The Hebrew writer, without doubt, was referring to what you just read. For anyone to read that and think that Jesus was unafraid is inconceivable. He knew what was coming in the moments ahead of Him while He was praying to our Father (Matthew 16:21, Matthew 20:17-19, and Matthew 26:20-35). Jesus knew He had to go through with it regardless of the fears He was facing (John 4:34). Since Jesus knew that and willingly carried out His Father’s will. It can be said that Jesus fulfilled all that the prophets prophesied concerning Him (Acts 3:18). Think about how it was prophesied that Jesus was a man of sorrows and acquainted with grief (Isaiah 53:3). It was foretold that He would be put to grief (Isaiah 53:10).
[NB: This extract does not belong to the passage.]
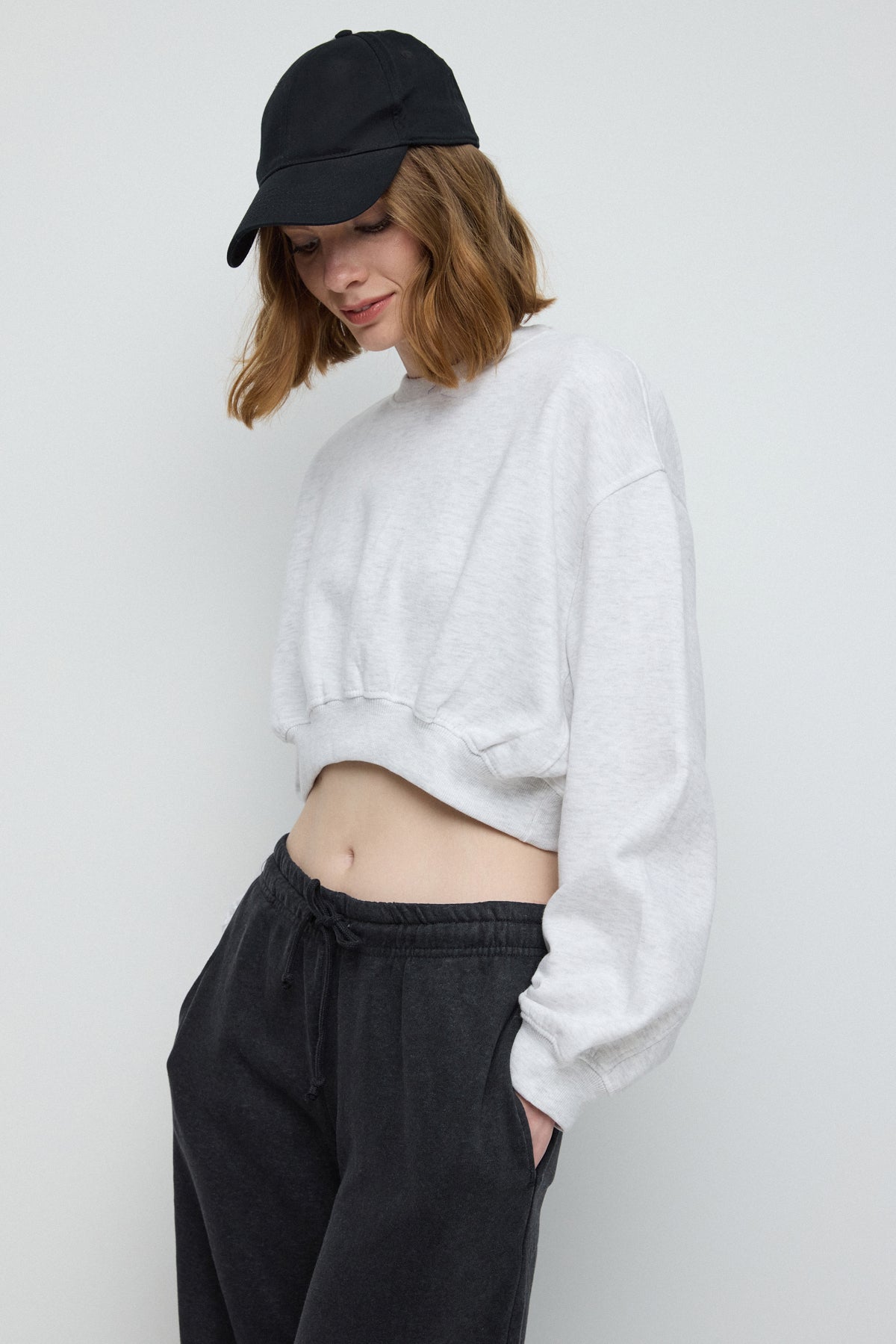 Crop Basic Sweatshirt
The penman of this letter recorded that Jesus prayed to Him who was able to save Him from death. That was certainly true (Mark 14:36). However, Jesus was not without freewill in what He was going to face. Jesus said: “I am the good shepherd: the good shepherd giveth his life for the sheep. But he that is an hireling, and not the shepherd, whose own the sheep are not, seeth the wolf coming, and leaveth the sheep, and fleeth: and the wolf catcheth them, and scattereth the sheep. The hireling fleeth, because he is an hireling, and careth not for the sheep. I am the good shepherd, and know my sheep, and am known of mine. As the Father knoweth me, even so know I the Father: and I lay down my life for the sheep. And other sheep I have, which are not of this fold: them also I must bring, and they shall hear my voice; and there shall be one fold, and one shepherd. Therefore doth my Father love me, because I lay down my life, that I might take it again. No man taketh it from me, but I lay it down of myself. I have power to lay it down, and I have power to take it again. This commandment have I received of my Father” (John 10:11-18).
The Hebrew writer also stated that Jesus was heard in that He feared. There is a lot to consider in that statement. In brief, think about our Father’s presence in the life of His only begotten Son, during a time of fear. Jeremiah wrote of a time when he was imprisoned and how that God heard him in a time of his fears (Lamentations 3:55-57; cf. Jeremiah 38:6). The faithful can come to our Father with our burdens (Psalms 56:1-4 and I Peter 5:7). That does not mean deliverance from what is to come. Jesus knew that as we’ve already considered. As you go back to that night of betrayal and arrest when Jesus was in prayer, after His time in prayer, He was ready to go forward unto His horrific death.
If we learn from our Lord and Savior Jesus Christ about prayer, we can know we have a Father that hears us in our difficult times (Proverbs 15:29 and I Peter 3:12). What we will discuss going forward is that prayer did not relieve Jesus of what was expected of Him. The same is true for us. Thankfully, our high priest understands all of that from His experiences.